Exercise description » In your copy, the records appear word for word and the pictures do not appear at all.

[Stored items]

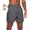 Dark Grey, variant on Men's Golf Shorts 5" Inseam Stretch Waterproof Hybrid Performance Shorts with 5 Pockets for Travel, Hiking, Casual and Business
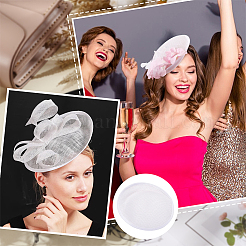 Mini-Hut-Fascinator-Basis aus Leinenstoff&nbsp;AJEW-WH0472-53A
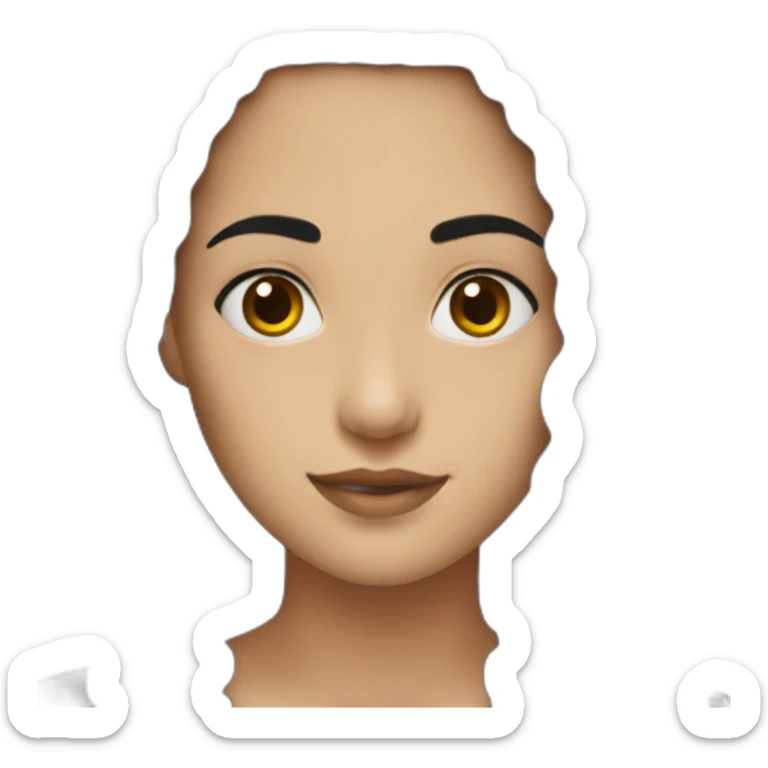 diana black hair sticker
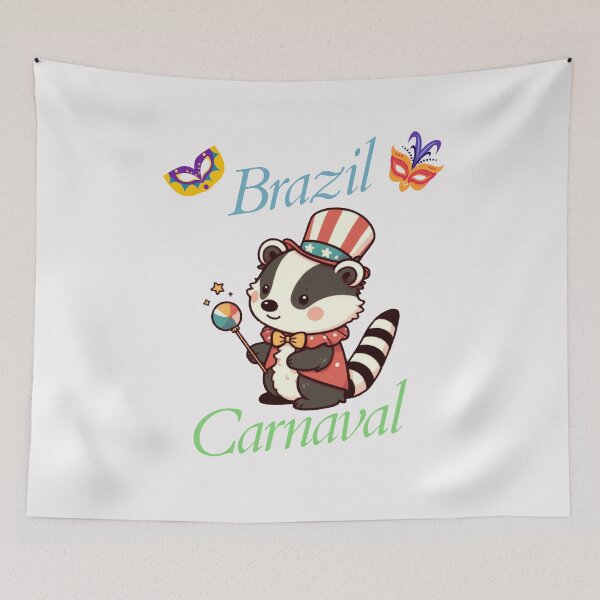 Item preview, Carnaval  Badger designed and sold by LemuellTrends.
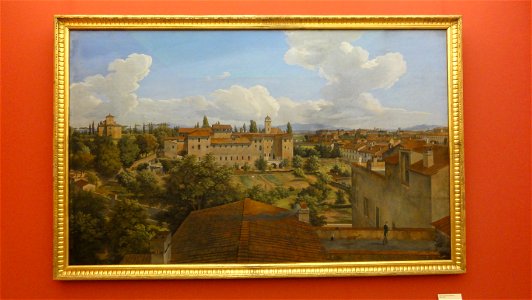 Reinhart, Johann Christian — Ansicht von der Villa Malta nach Osten — 1831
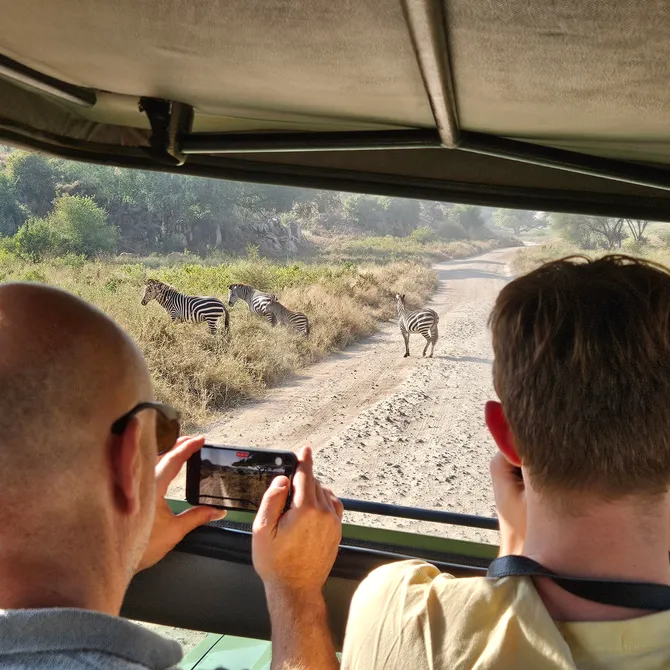 Game drive in Tarangire National Park, Tanzania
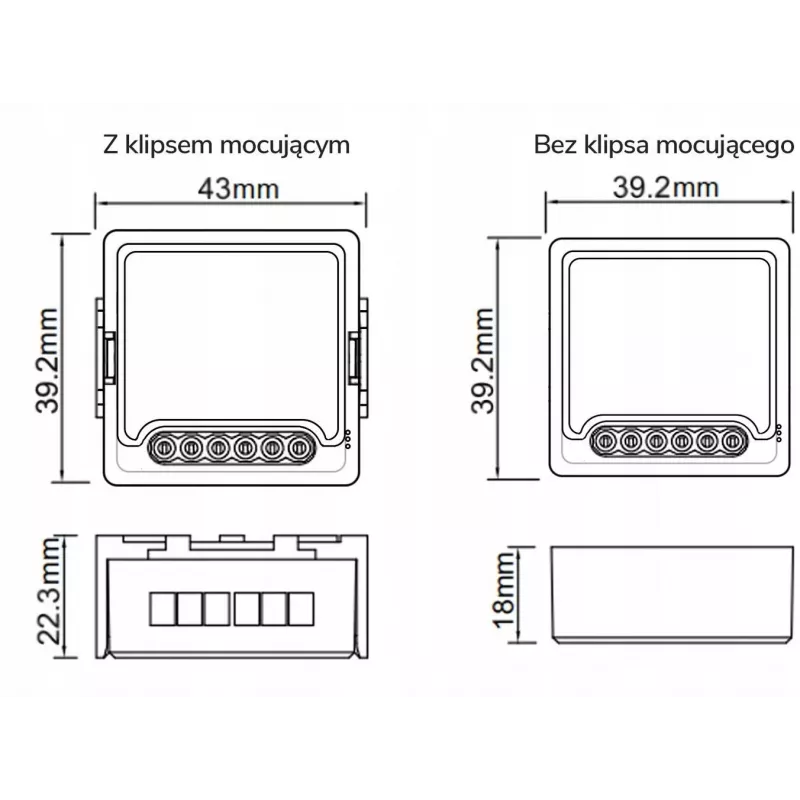 OXT T250G Módulo sensor ZigBee para puerta de garaje con contacto magnético para TUYA Smart Life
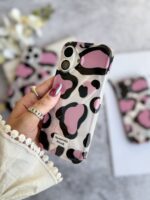 قاب پلنگی Romantic Pink آیفونی (کدC2062) - Image 4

Finished task »
 Dark Grey, variant on Men's Golf Shorts 5" Inseam Stretch Waterproof Hybrid Performance Shorts with 5 Pockets for Travel, Hiking, Casual and Business
 Mini-Hut-Fascinator-Basis aus Leinenstoff&nbsp;AJEW-WH0472-53A
 diana black hair sticker
 Item preview, Carnaval  Badger designed and sold by LemuellTrends.
 Reinhart, Johann Christian — Ansicht von der Villa Malta nach Osten — 1831
 Game drive in Tarangire National Park, Tanzania
 OXT T250G Módulo sensor ZigBee para puerta de garaje con contacto magnético para TUYA Smart Life
 قاب پلنگی Romantic Pink آیفونی (کدC2062) - Image 4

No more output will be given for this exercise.